The WriYe blog topic this October/Halloween month is ”Your thoughts on horror/gore/scary stories?” and I thought about skipping this month as my thoughts are short – I hate those kinds of stories.

Seriously I am the biggest wuss in the world. I can’t take jump scares of any kind. I get unnerved really easily and once I am freaked out, I am scared for days. Every noise, every shadow, feels like a threat. I close my eyes and I imagine things that scare me are right there, that they are on me. I have nightmares about that.

So yeah I have to steer clear of all kinds of horror and scary stories – or do I?

The Mummy. I didn’t watch this movie or the beloved sequel The Mummy Returns for YEARS because they were listed as ’horror’. I have no idea why. I was more scared of Casper the friendly ghost than I was of either of those movies. They weren’t scary in the slightest. I absolutely adore them and bought the DVDs so I could rewatch them as much as I wanted. I could write an essay on how good those two Mummy movies were but I digress. My point I am making is – is it possible that horror and scary don’t equal the same thing?

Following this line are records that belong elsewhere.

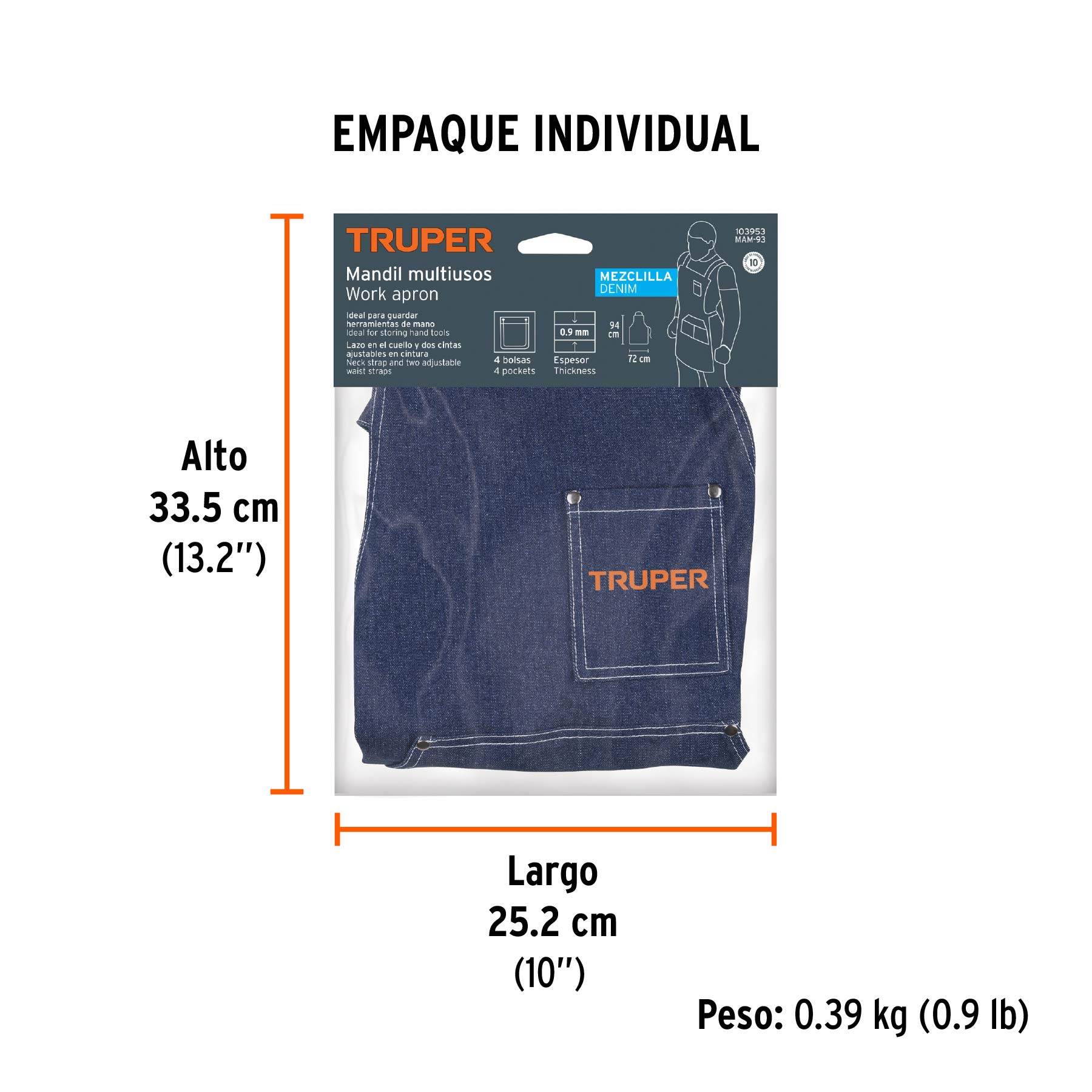 Mandil multiusos, de mezclilla, TRUPER - Empaque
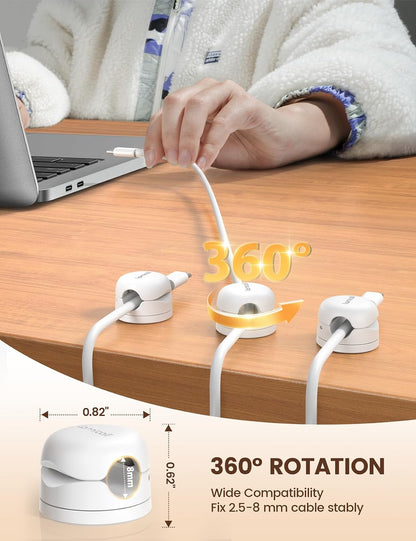 [360° Rotatable] Spring Cable Holder Clips - 6 Pack Cord Management, [1S Lock] Wire Holder Organiser, No-Residue Desk Tidy, Phone Charging Cable Keeper for Car, Office, Home - White(8Mm) | [Upgraded 360° Rotatable] Spring Cable Clips [1S Clamps] Cable Clamps Desk for HDMI, Cable Organiser for Table/Car/Wall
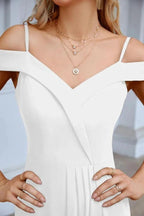 Women's thin strap off the shoulder bridesmaid mopping the floor evening dress 28093 by numbersea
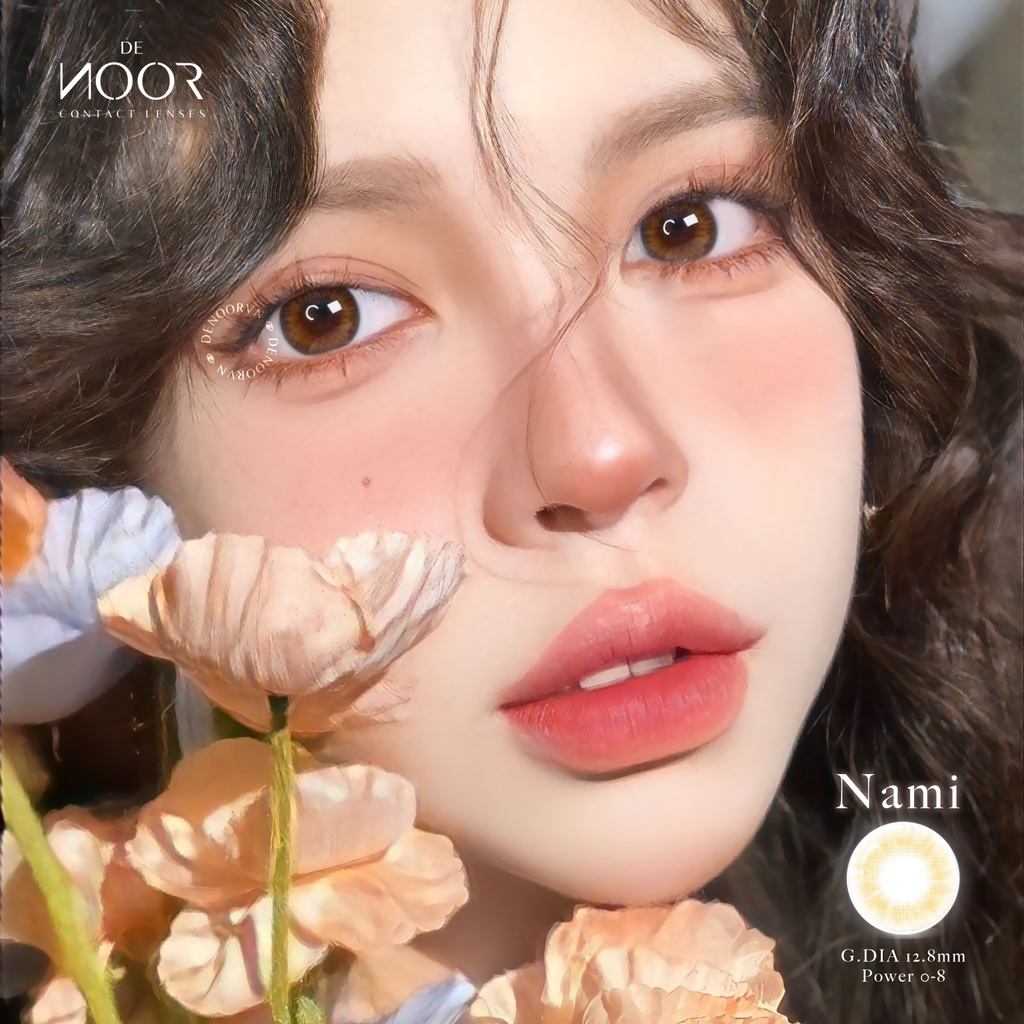Nami - Lens Nâu Mật Ong Tự Nhiên - Đường Kính 12.8mm - Bảo Hành 2 Tuần - Chính Hãng Hàn Quốc - DeNOOR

Horror and gore aren’t the same. I mean let’s face it CSI could get very gory and I have seen a lot of that. I have never liked the bugs and usually close my eyes to that (I have a bug phobia) but the blood etc. is no trouble.

Maybe it comes down to tone? The Librarians did a ’haunted house’ episode and that had spooky/horror elements but I wasn’t scared. Stargate did a ’horror’ episode called ’The Tomb’ which again didn’t scare me. I think there was supposed to be a pulse-pounding fear of the ’evil among us’ but the vibe wasn’t scary. There was an episode of Dark Matter which had zombies and we see one of them gnawing on a leg I think? And to be honest I found it more funny than scary. How it was shot, or the music, or something, just meant yeah it was ’horror’ but not scary.

I also think that experience plays a role. I think when I was 18 if I had watched The Mummy I would have been really freaked out. Growing up I didn’t watch any fantasy/sci-fi really. I saw a few things and they mostly scared me. We watched Jurassic Park at school and I jumped so hard that I pulled tendons in my arm. I did the same thing with the Chamber of Secrets movie and the giant snake. (Side note: I really do hate snakes. There are a few things that do still bother me a lot, and snakes are one of them. I absolutely can’t take them in any form. If I see a snake or I think about one I am jumpy for days picturing that there’s one lurking going to get me.)

But yeah I am a lot less bothered by ’creepy’ special effects these days. I’m not phased by monsters because I have seen a bunch now and it’s no big deal. So maybe that makes some horror ok, but if it’s intended to be scary then it’s a big no-no. I am very jumpy at the best of times (seriously any unexpected noise and it’s instant panic attack). Same with gore, blood etc. no trouble but animals (bugs, snakes and the like)? And that’s a big nope. Maybe in the end that means horror is what horrifies the individual. Hmm, that’s a thought.